▸ **INPUT DATA**:
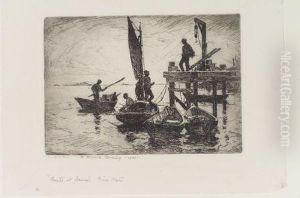Boats At Dawn by Frank Weston Benson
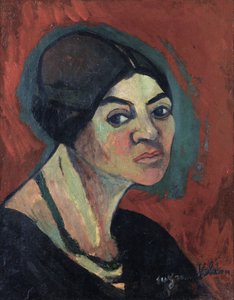 ""Önarckép"" (önarckép) Suzanne Valadon (1865-1938) festménye 1916 körül Magángyűjtemény alkotó: Suzanne Valadon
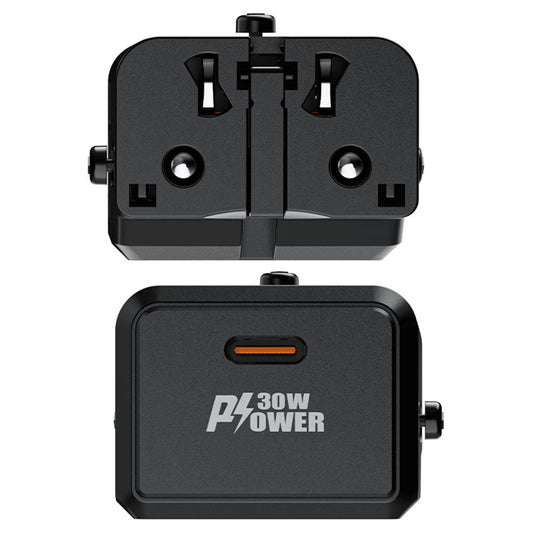 Polnilnik Acefast Z7 Travel, 30W, 3A, 1 x USB-C, črn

▸ **WORK TO BE COMPLETED**: The answer must be the full listing, exact in every line, with the pictures removed.

▸ **RESULT**:
Boats At Dawn by Frank Weston Benson
 ""Önarckép"" (önarckép) Suzanne Valadon (1865-1938) festménye 1916 körül Magángyűjtemény alkotó: Suzanne Valadon
 Polnilnik Acefast Z7 Travel, 30W, 3A, 1 x USB-C, črn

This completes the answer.